I have a MF 20 Industrial and the 3 Point has a constant jerking motion. It will go up and down but is constantly jerking in short strokes. I have already drained all the fluid, cleaned out the case and put in new fluid. Any ideas to what causes this and how to fix it?


----------



## wakeland (Dec 30, 2012)

I'm afraid the lift cylinder is probly leaking internaly and will need to be rebuilt. This is known as pecking or bobbing. I had the same issue on my ford 600. I also have an MF 20. I just posted my transmission problem. Something sesises up and brings it to a hault killing the engine, but I can re-start and take off again.
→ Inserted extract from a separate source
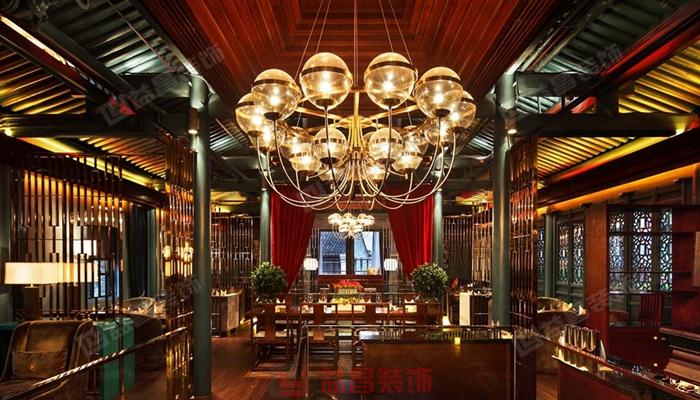 餐厅设计 餐厅设计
Good luck with the lift cyinder.


----------



## shona13 (Aug 12, 2011)

G'day tinnern.
The problem is either a broken piston ring or more likely a stuck suction or discharge valve both in the hydraulic pump ,to fix the pump will have to be removed,just a little bit of advice when you remove the pump it would be best to do a complete overhaul .
The hydraulic lift cylinder has three cast piston rings and most often the piston will leak a little bit of oil,this is *one* of the causes of the three point hitch slowly dropping when the engine is shut off ,if you feel you need to the piston can be removed and remove the piston ring NEAREST the TOP of the piston ,machine the grove out to .1875 Inches deep and .281 inches wide and fit a three sixteen section O ring in the grove this will eliminate all leakage from the lift cylinder .
Happy days.
Hutch.


----------



## Gary Wisniewski (Jan 13, 2018)

shona13 said:


> G'day tinnern.
> The problem is either a broken piston ring or more likely a stuck suction or discharge valve both in the hydraulic pump ,to fix the pump will have to be removed,just a little bit of advice when you remove the pump it would be best to do a complete overhaul .
> The hydraulic lift cylinder has three cast piston rings and most often the piston will leak a little bit of oil,this is *one* of the causes of the three point hitch slowly dropping when the engine is shut off ,if you feel you need to the piston can be removed and remove the piston ring NEAREST the TOP of the piston ,machine the grove out to .1875 Inches deep and .281 inches wide and fit a three sixteen section O ring in the grove this will eliminate all leakage from the lift cylinder .
> Happy days.
> Hutch.


First post, hello all and thank you in advance.
My issue started when I was using tractor mowing brush in between bedded pines, bush hog got stuck and 3 point quit working. after tearing it a part we found that lift cylinder pump housing was broke in several places and the bolts were shared off, we replaced the pump, bolts, new pistons, rod, and rings. 2 times now, all seems to goes together correctly. but before 3 point can be lifted all the way up in about 10 seconds, (lift arms only appox. 3/4 of the way up), the cylinder has blew apart 2 more times making 3 times including the first time, what are we missing or doing wrong? your help is needed!​


----------